Link: https://lore.kernel.org/all/CAHk-=wi5c=_-FBGo_88CowJd_F-Gi6Ud9d=TALm65ReN7YjrMw@mail.gmail.com/ (local) #1

Signed-off-by: Bhupesh <redacted>
---
 include/linux/coredump.h                      |  2 +-
 include/linux/sched.h                         | 32 +++++++++++++++++++
 include/linux/tracepoint.h                    |  4 +--
 include/trace/events/block.h                  | 10 +++---
 include/trace/events/oom.h                    |  2 +-
 include/trace/events/osnoise.h                |  2 +-
 include/trace/events/sched.h                  | 13 ++++----
 include/trace/events/signal.h                 |  2 +-
 include/trace/events/task.h                   |  4 +--
 tools/bpf/bpftool/pids.c                      |  6 ++--
 .../bpf/test_kmods/bpf_testmod-events.h       |  2 +-
 11 files changed, 54 insertions(+), 25 deletions(-)

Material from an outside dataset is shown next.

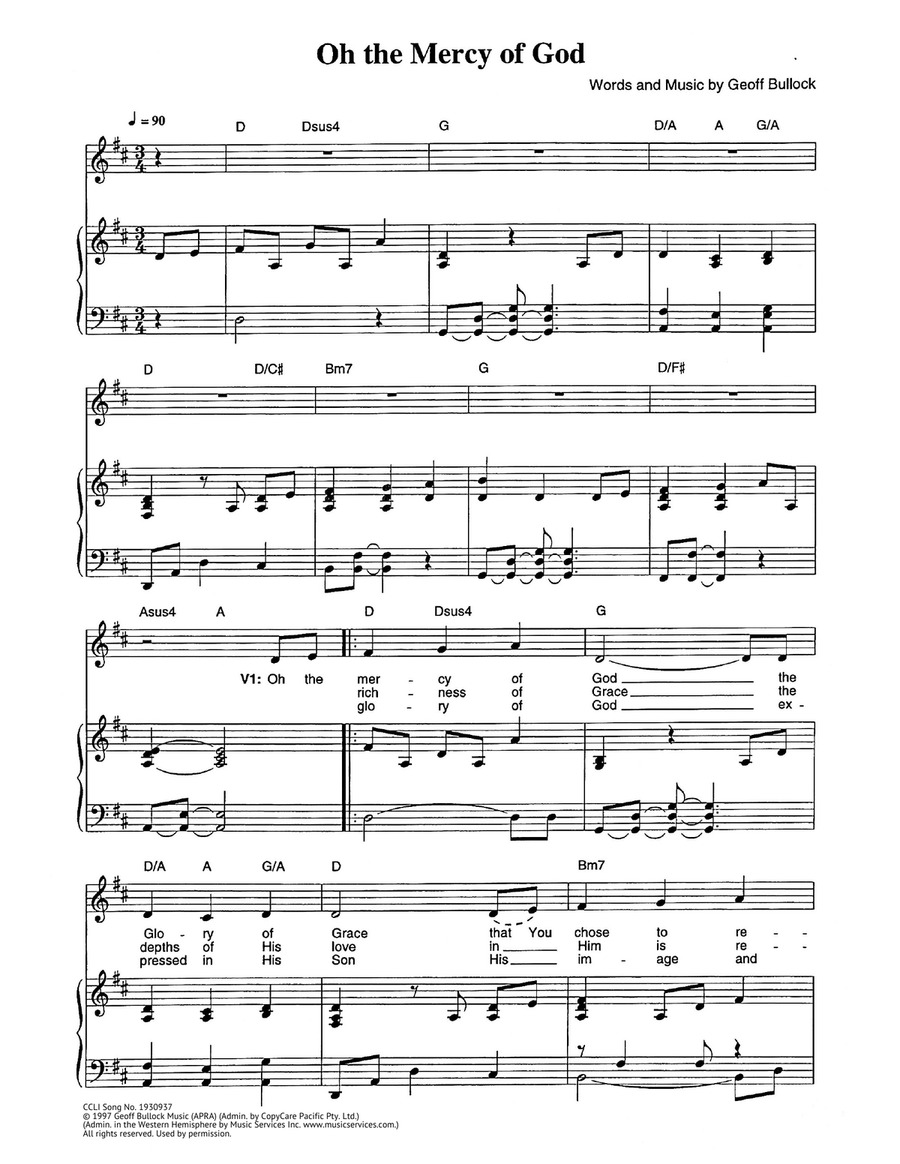 Oh the Mercy of God Oh the Mercy of God Piano, Vocal scores gallery preview page 1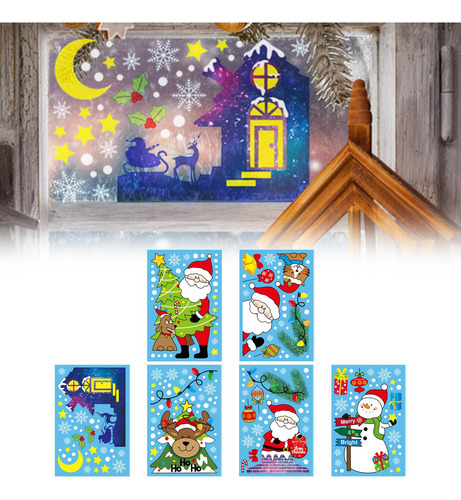 6 Piezas De Pegatinas Navideñas Para Ventana De Papá Noel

diff --git a/include/linux/coredump.h b/include/linux/coredump.h
index 68861da4cf7c..bcee0afc5eaf 100644
--- a/include/linux/coredump.h
+++ b/include/linux/coredump.h
@@ -54,7 +54,7 @@ extern void vfs_coredump(const kernel_siginfo_t *siginfo);
 	do {	\
 		char comm[TASK_COMM_LEN];	\
 		/* This will always be NUL terminated. */ \
-		memcpy(comm, current->comm, sizeof(comm)); \
+		get_task_array(comm, current->comm); \
 		printk_ratelimited(Level "coredump: %d(%*pE): " Format "\n",	\
 			task_tgid_vnr(current), (int)strlen(comm), comm, ##__VA_ARGS__);	\
 	} while (0)	\
diff --git a/include/linux/sched.h b/include/linux/sched.h
index 5a58c1270474..d26d1dfb9904 100644
--- a/include/linux/sched.h
+++ b/include/linux/sched.h
@@ -1960,12 +1960,44 @@ extern void wake_up_new_task(struct task_struct *tsk);
 
 extern void kick_process(struct task_struct *tsk);
 
+/*
+ * - Why not use task_lock()?
+ *   User space can randomly change their names anyway, so locking for readers
+ *   doesn't make sense. For writers, locking is probably necessary, as a race
+ *   condition could lead to long-term mixed results.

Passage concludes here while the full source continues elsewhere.